При этих словах карета графа, подвозившего Жюльена, остановилась перед особняком де Ла Моля. Жюльен был влюблен в своего заговорщика. Альтамира почтил его комплиментом, очевидно вытекавшим из глубины его воззрений.
— Вы не страдаете французским легкомыслием и понимаете принцип полезного, — сказал он.
Случилось так, что только три дня назад Жюльен видел «Марино Фальеро», трагедию Казимира Делавиня.
«Разве Израэль Бертуччо не обладал более сильным характером, чем все эти знатные венецианцы? — говорил себе наш возмущенный плебей. — А ведь все это были люди, неоспоримое дворянство которых восходит к семисотому году, веком ранее Карла Великого, тогда как все, что было самого родовитого на сегодняшнем балу у Реца, восходит, и то с грехом пополам, только к тринадцатому веку. И вот из всех этих столь знатных дворян Венеции вспоминают одного только Израэля Бертуччо.
Бунт уничтожает все титулы, созданные прихотью общественного строя. При нем каждый сразу занимает то место, которое определяется его умением встречать смерть. Даже ум теряет свою власть…
Кем был бы Дантон сегодня, в век Вально и Реналей? Самое большее — товарищем прокурора.
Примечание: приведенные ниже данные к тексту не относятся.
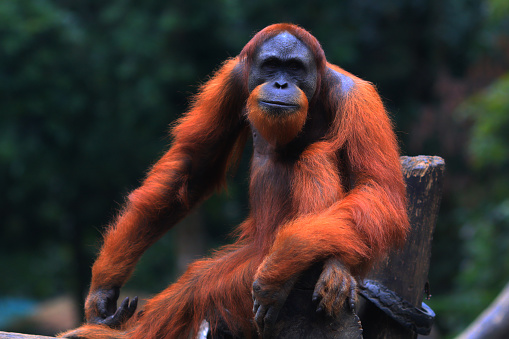 orang utan, the animals were reserved in Indonesia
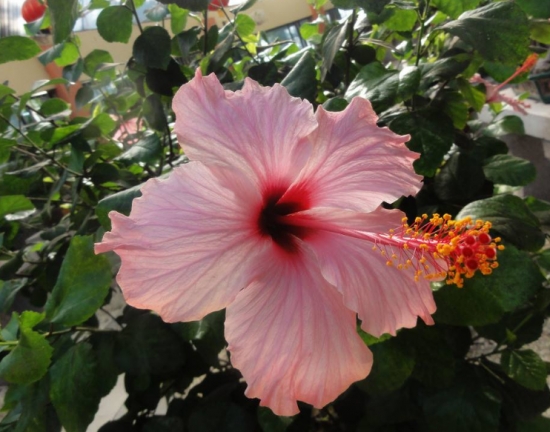 什么花的花期最长：10种超长花期的花卉推荐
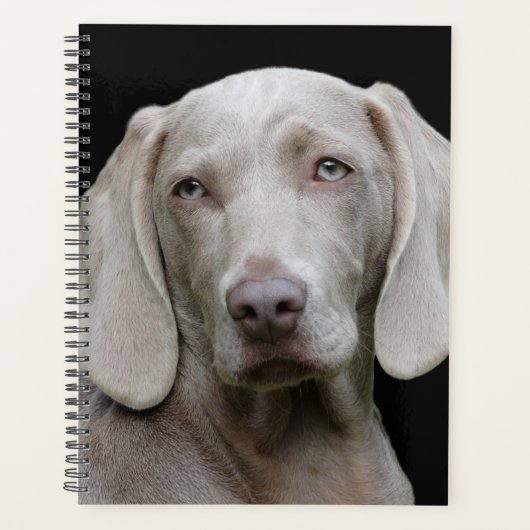 Beauful Weimaraner Hunting Dog Planner (Voorkant)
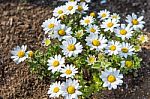 White Flowers, Bright, Beautiful Morning Stock Photo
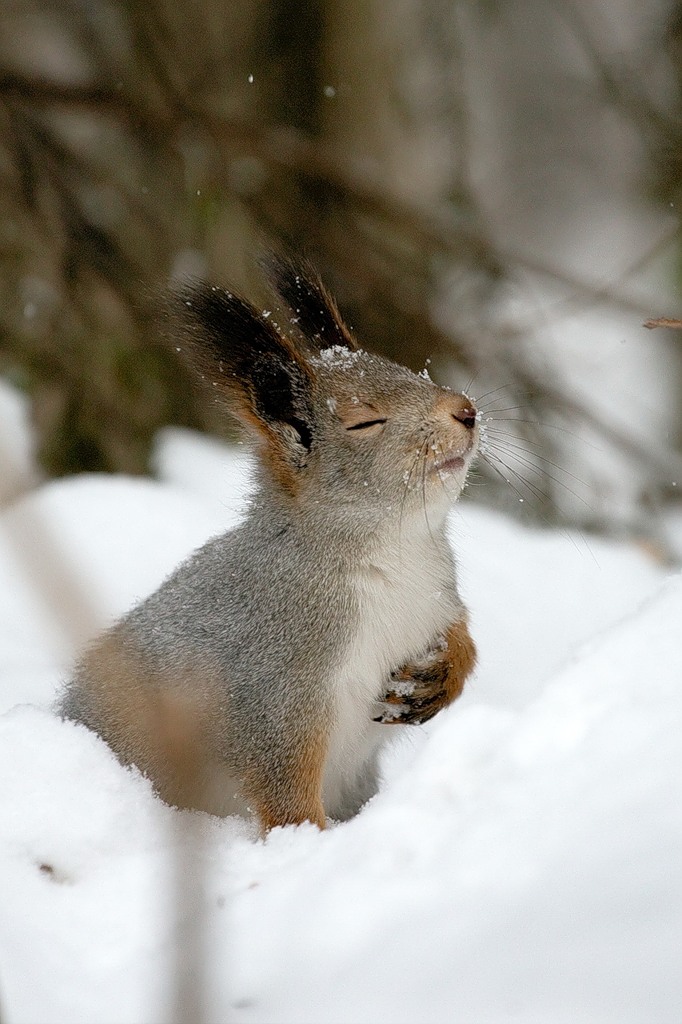 Initiation of squirrels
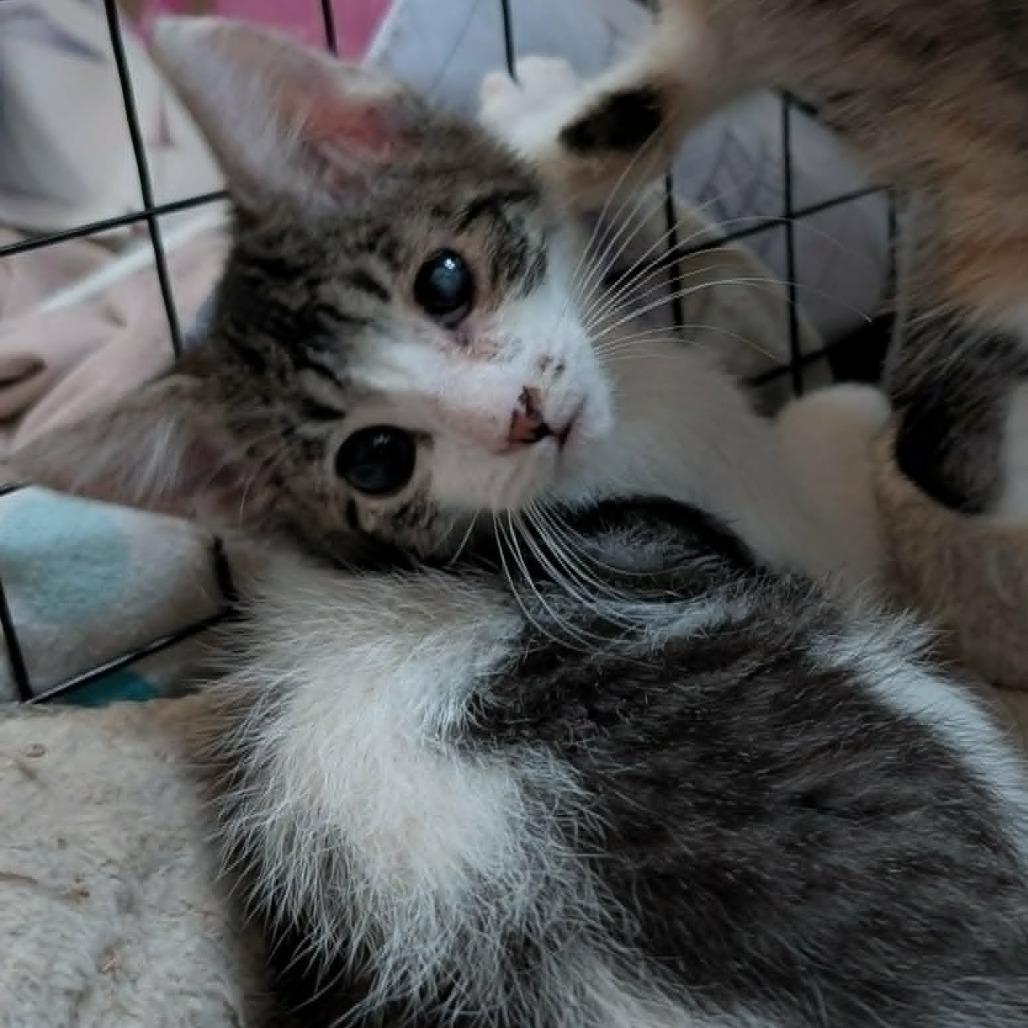 Enlarge Bumper Armbrust, a Adoptable Domestic Short Hair in Eagle Mountain, UT image 1/1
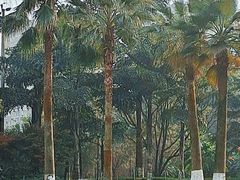 -龙头寺公园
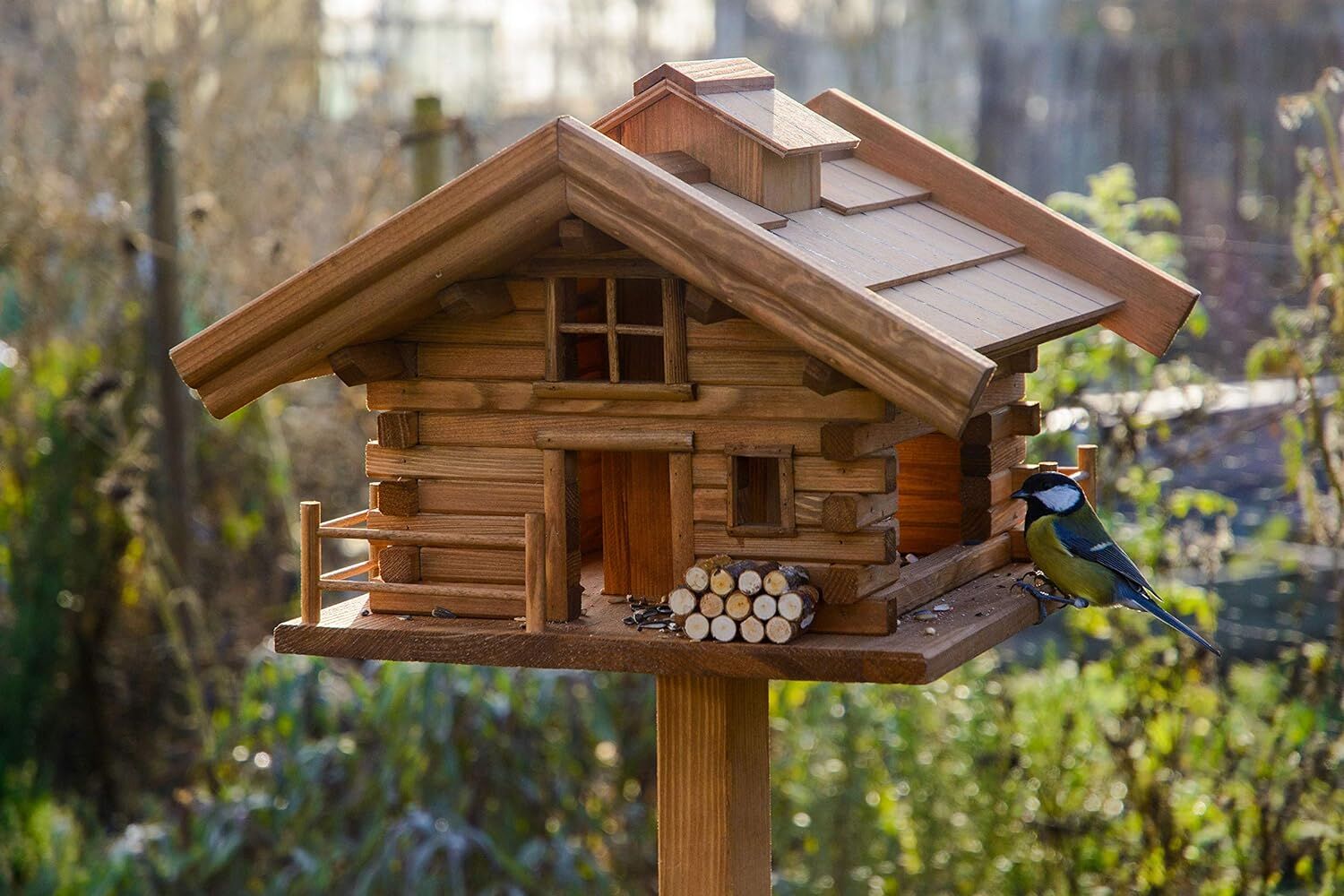 Holz, Hartholz, Gebeiztes Holz, Tier, Vogel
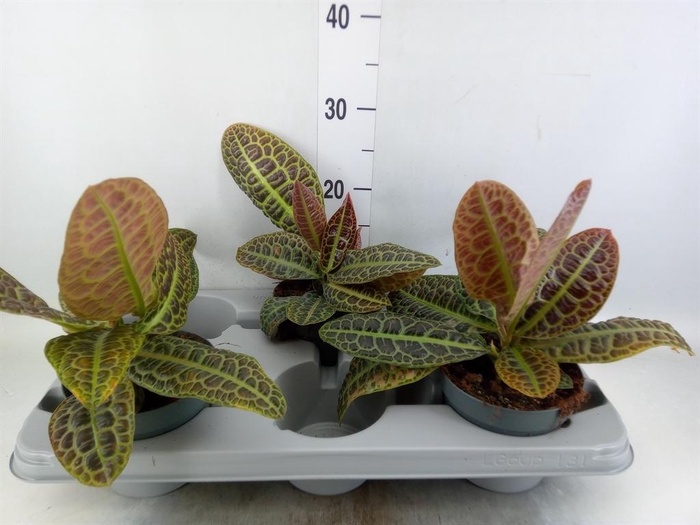 <h4>Labisia obtusifolia 'Kura Kura'</h4>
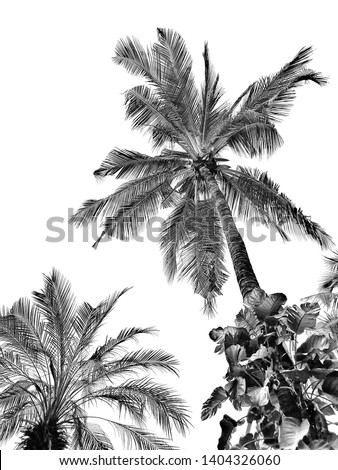 Palm leaves isolated  on white backgroun with copy space.Black and white picture.coconut tree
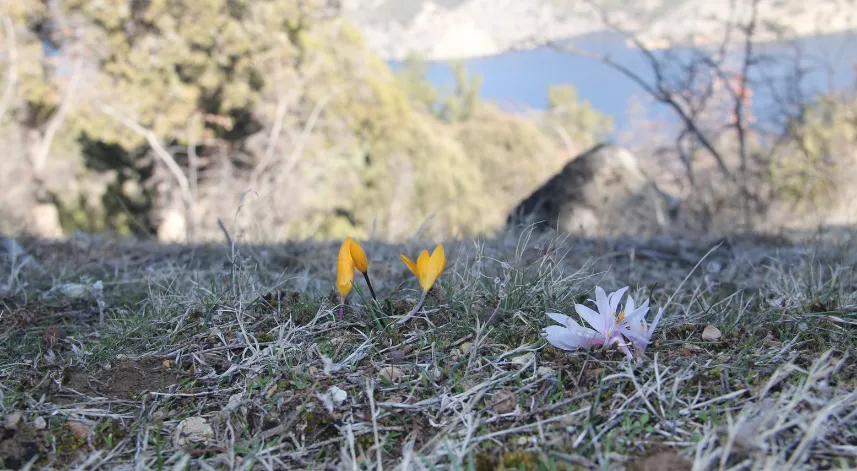 Çorum'da baharın müjdecisi çiğdemler erken açtı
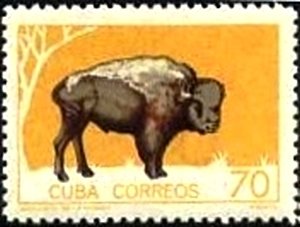 Colnect-1974-014-American-Bison-Bison-bison.jpg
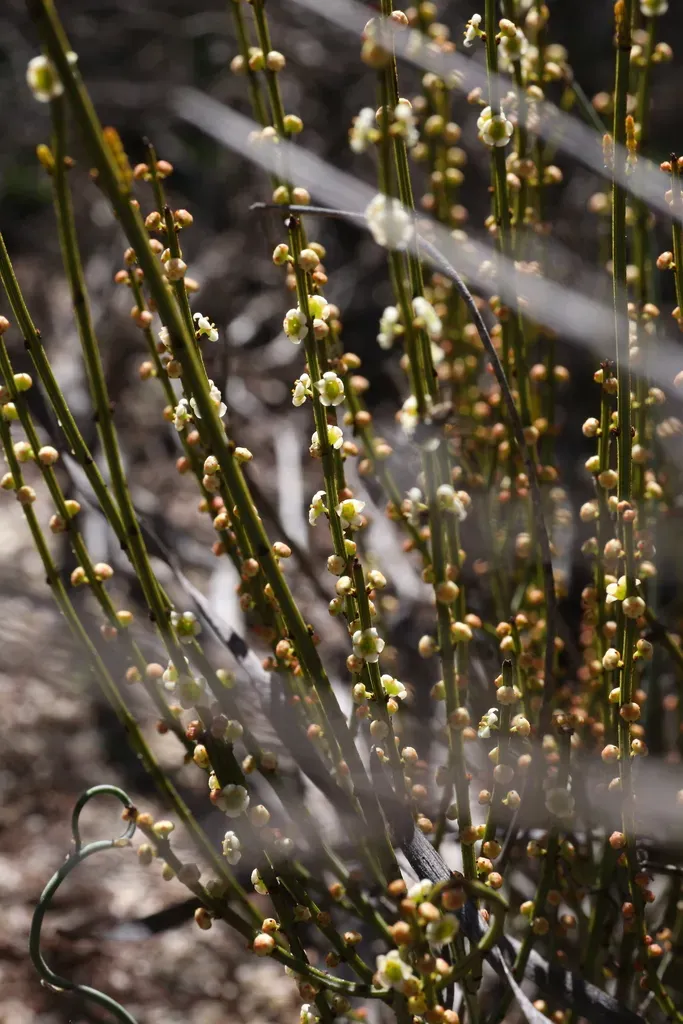 Psammomoya Choretroides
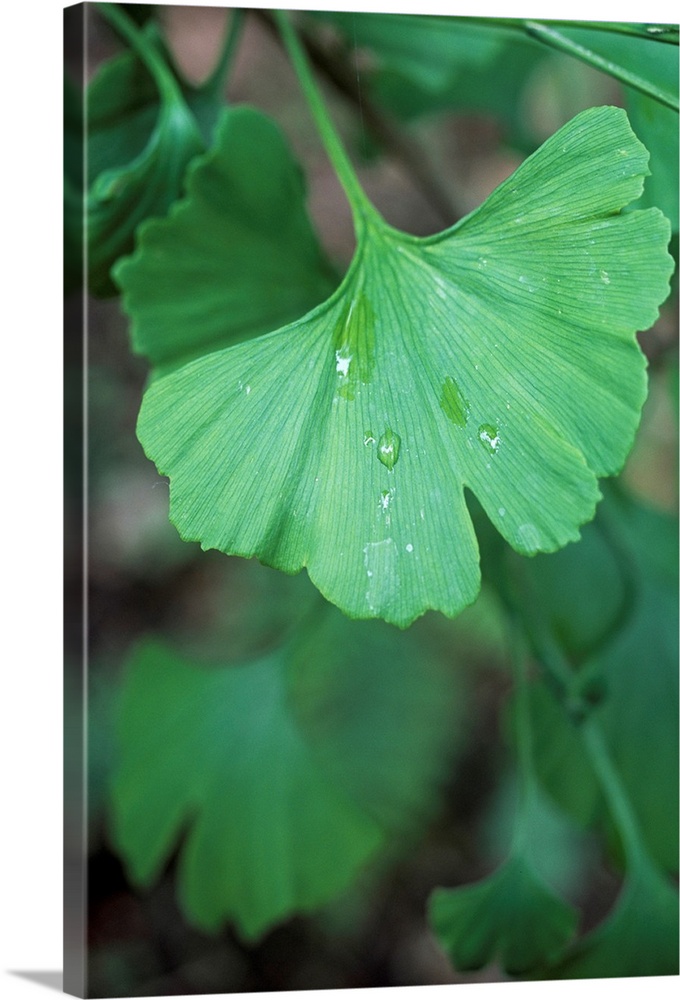Maidenhair tree leaf (Ginkgo biloba) with a raindrop on its surface. An extract from the leaves of this unique species of ...
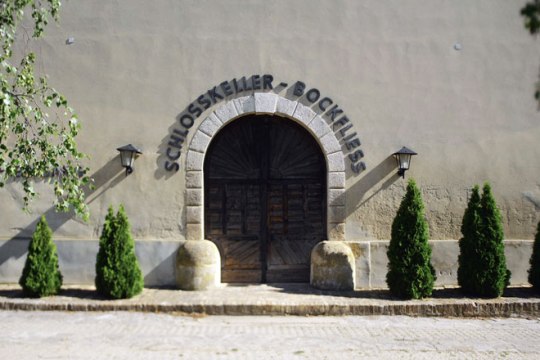 im Schlosskeller Bockfließ. , © David Moser/OBSCURA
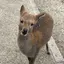 みぞゆい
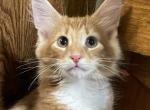 Tigger - Norwegian Forest Kitten For Sale - 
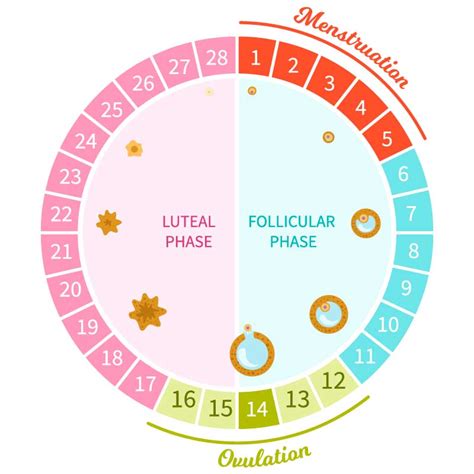 mais Lembrança Norma ciclo menstrual sintomas de cada fase reitor conversível Calibre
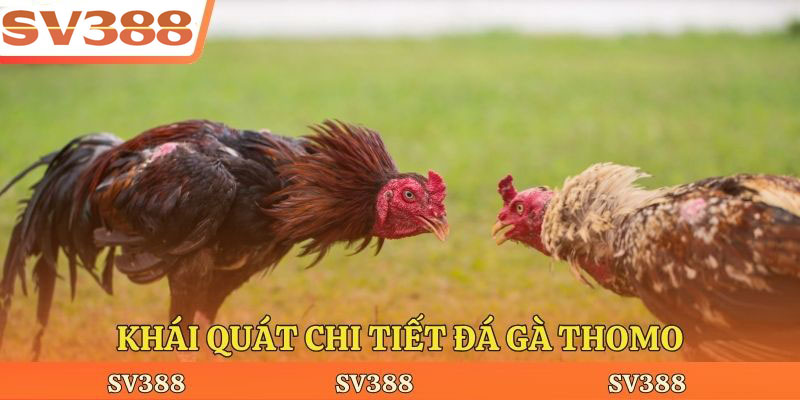 Khái quát chi tiết đá gà Thomo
Впрочем, что я говорю? Он продался бы конгрегации; он был бы министром, потому что, в конце концов, и сам великий Дантон воровал, Мирабо точно так же продался. Наполеон награбил миллионы в Италии, иначе из-за бедности он был бы арестован, как Пишегрю. Один только Лафайет никогда не воровал. Следует ли воровать, следует ли продаваться?» — думал Жюльен. На этом вопросе он остановился и остаток ночи провел за чтением истории Революции.
На другой день, занимаясь бумагами в библиотеке, он все еще размышлял о разговоре с графом Альтамирой.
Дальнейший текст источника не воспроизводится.